Classic Concentration (Weekday Afternoons, Buzzr)

This was an old game show, in which contestants tried to match the pictures that were hiding under the squares.  I watched two episodes on Wednesday and it was actually kind of a fun show.

Cold Case (Weekday Afternoons, Start TV)

On Monday’s episode, the Cold Case Squad investigated why Lilly never seemed to wash her hair.  No, actually, they investigated a 1962 murder that had been disguised to look like a murder.  Seriously, though, what was up with Lilly’s hair?

Court Cam (Wednesday Evening, A&E)

I watched two episodes on Wednesday evening.  One featured a defendant who told the judge to go “<bleep> yourself” and I have to say that the A&E censorship beeps are so loud that they can actually give you a headache after a while.

Crossing Jordan (Weekday Afternoons, Start TV)

I watched two episodes on Monday but, for the most part, I just had the show on for background noise.  In the first episode, Jordan and her team of quirky coroners were outraged over prison conditions.  In the second episode, Jordan and the gang were outraged over a religious cult.  There was a lot of quirky outrage.

Day of the Dead (Friday Night, SyFy)

Eh.  It’s not really a bad show but, after watching three episodes this week to get caught up, I kind of feel that Day of the Dead is just not going to be for me.  It’s hard to say why I don’t particularly care for it.  The anti-fracking stuff is a bit too on-the-nose but, then again, George Romero wasn’t exactly subtle when it came to making his political points in the latter Dead films either.  I think my main problem is that we’re four episodes in and it’s still doesn’t seem as if the show has established any sort of narrative momentum.  So, I think I’m done with Day of the Dead for now.

Dennis The Menace (Weekday Mornings, Antenna TV)

I kind of watched two episodes of this show on Tuesday morning.  I say “kind of” because I only had the TV on in the office for background noise and Dennis was such a sociopathic little brat that I really couldn’t bring myself to pay that much attention to him.  Poor Mr.
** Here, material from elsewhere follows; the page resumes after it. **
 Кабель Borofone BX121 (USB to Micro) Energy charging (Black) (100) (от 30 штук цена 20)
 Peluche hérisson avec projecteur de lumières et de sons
Wilson!

Fear the Walking Dead (Sunday Night, AMC)

Read my thoughts here!

Ghost Whisperer (Weekday morning, Start TV)

I watched an episode at Monday while I was at work.  After a college student was scared into a coma, Melinda had to determine if it was the work of Bloody Mary or if it was just a ghost who needed help crossing over.  This episode was from the Jay Mohr years so it had all of this weird sexual tension between Rick and Melinda, despite Melinda being married to Jim.

Hazel (Weekday Mornings, Antenna TV)

On Tuesday, I used two episodes of this maid-centered, old sitcom for background noise.  In one, Hazel raised money to repair a broken vase.  In the next one, she helped out a gardener who was in danger of getting fired.  Hazel really needed to get a life outside of work.
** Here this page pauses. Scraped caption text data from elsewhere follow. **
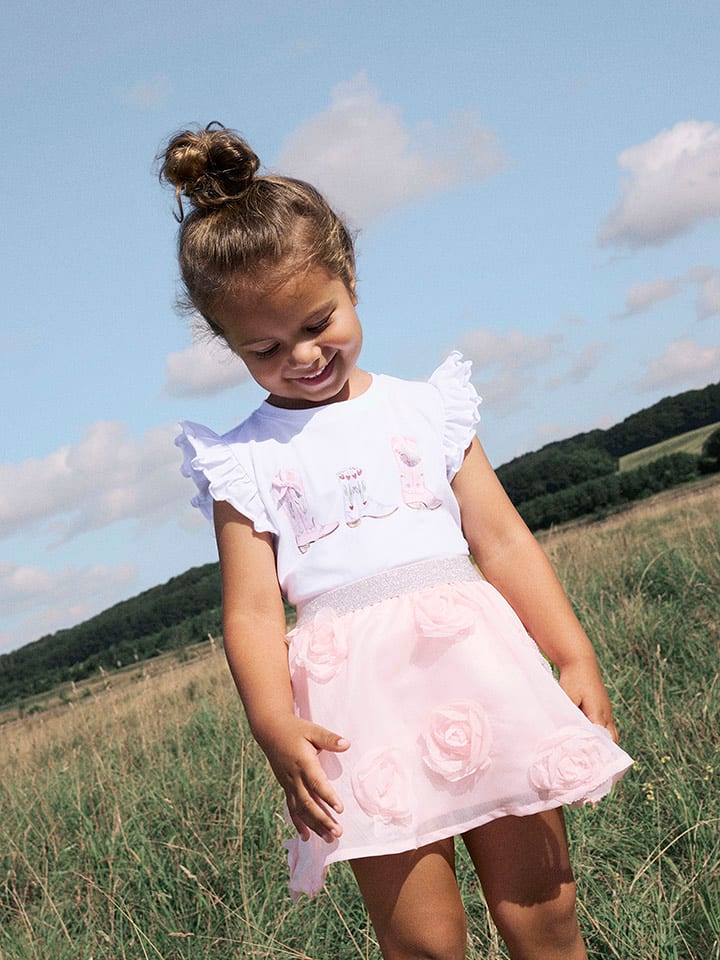 name it Koszulka "Hadia" w kolorze biało-jasnoróżowym rozmiar: 104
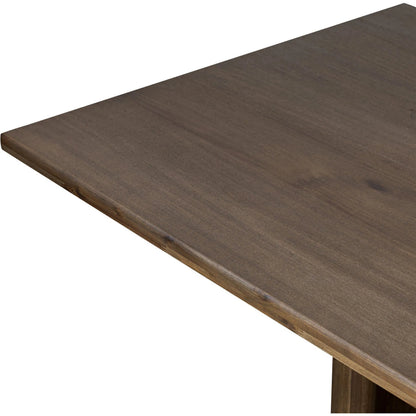 Pershing Dining Table by Four Hands in weathered acacia veneer. Made from thick acacia veneer, solid acacia in a unique style.
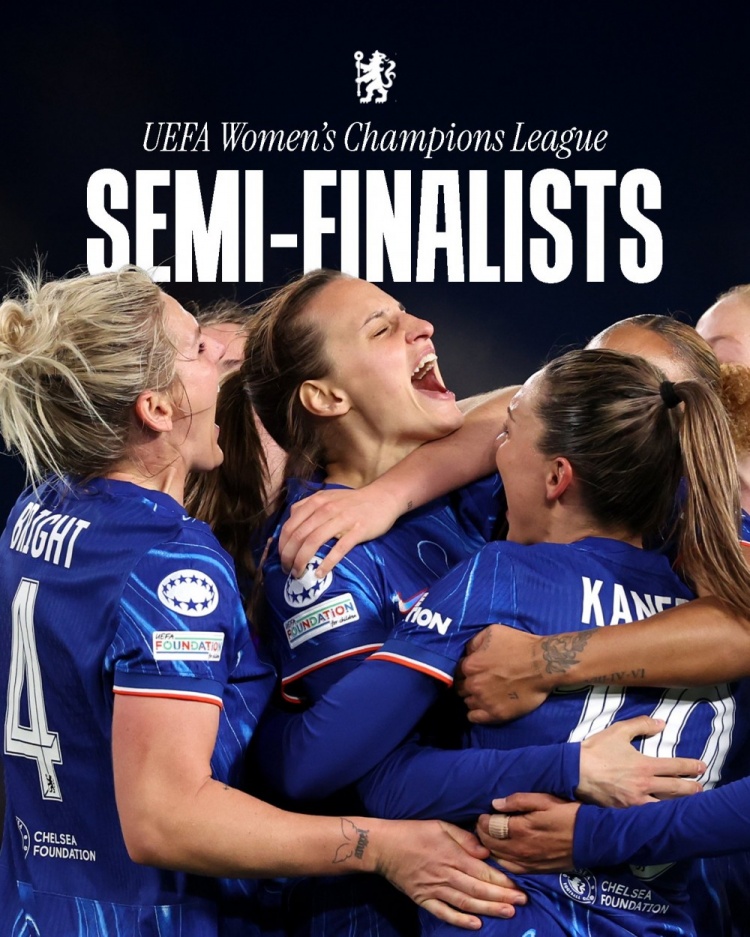  女足歐冠：切爾西3-0曼城&總比分3-2逆轉晉級四強，將對陣巴薩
I Dream of Jeannie (Weekday Afternoons, Antenna TV)

On Tuesday, I had two episodes on for background noise.  One featured Jeannie’s dog causing chaos.  The other featured Jeannie ruining the marriage of Major Nelson’s commanding officer.  How many lives did Jeannie ruin during her reign of terror?

The Love Boat (Sunday Evening, MeTV)

I wrote about the special Halloween episode of The Love Boat here!
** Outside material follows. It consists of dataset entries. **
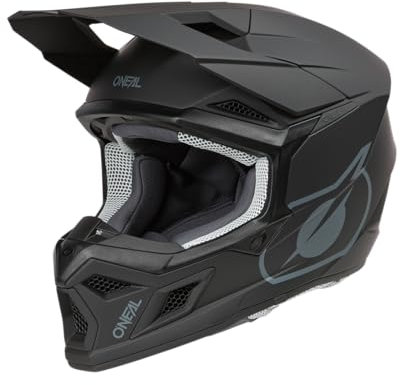 O'NEAL | Motocross-Helm | MX Enduro | ABS-Schale, Lüftungsöffnungen für optimale Kühlung | 3SRS Youth Helmet SOLID V.24 | Jugendliche | Schwarz | Größe M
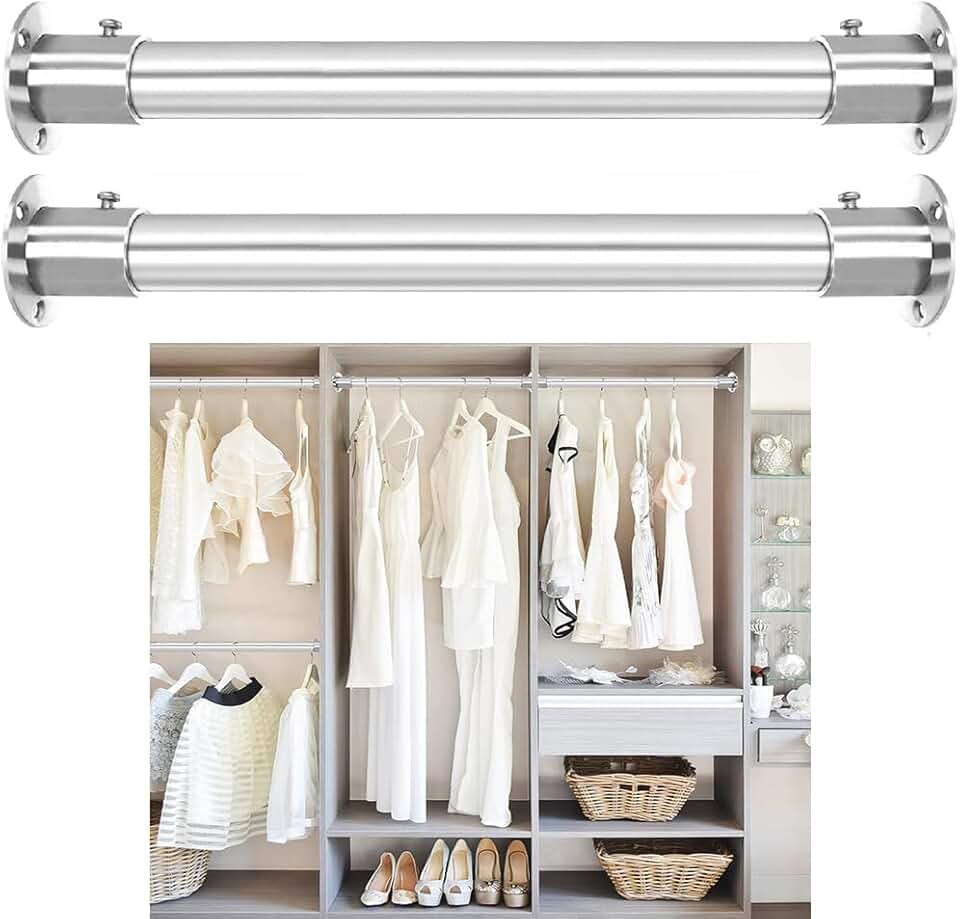 Heavy Duty 304 Stainless Steel Closet Rod, 36 Inch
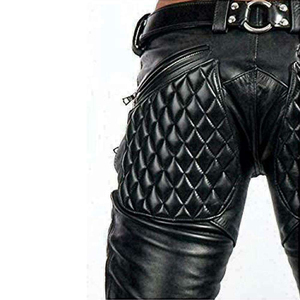 Men's Slim Fit Club Style Leather Biker <b>Trousers</b> Mid Waist Heavyweight Formal Fashion Streetwear <b>Waterproof</b> <b>Breathable</b> Vintage - Product Image 4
Match Game ’76 (Weekday Mornings, Buzzr)

I watched two episodes of this old game show on Wednesday.  Two contestants tried to match answers with a group of angry-looking alcholics.  The entire set looked like it reeked of gin, cigarettes, and skunk weed.

Match Game/Hollywood Squares Hour (Weekday Mornings, Buzzr)

This was a weird game show from the 80s.  Basically, it’s 30 minutes of the Match Game, followed by 30 minutes of Hollywood Squares with the same contestants and minor celebs taking part in both.  I kind of watched an episode of Wednesday morning but, to be honest, the show was mostly just background noise while I organized the office.

Medium (Weekday Mornings, Start TV)

I caught an episode on Monday, while I was at work.  Alison solved the case of a young woman who was pushed off a cliff.  Alison and her incredibly understanding husband also wondered whether they should warn a friend that Alison had foreseen him having a fatal heart attack.  The low-key and serious approach of Medium provided a clear contrast to the more sensationalistic approach of Ghost Whisperer.  But Ghost Whisperer was a much more fun show to watch.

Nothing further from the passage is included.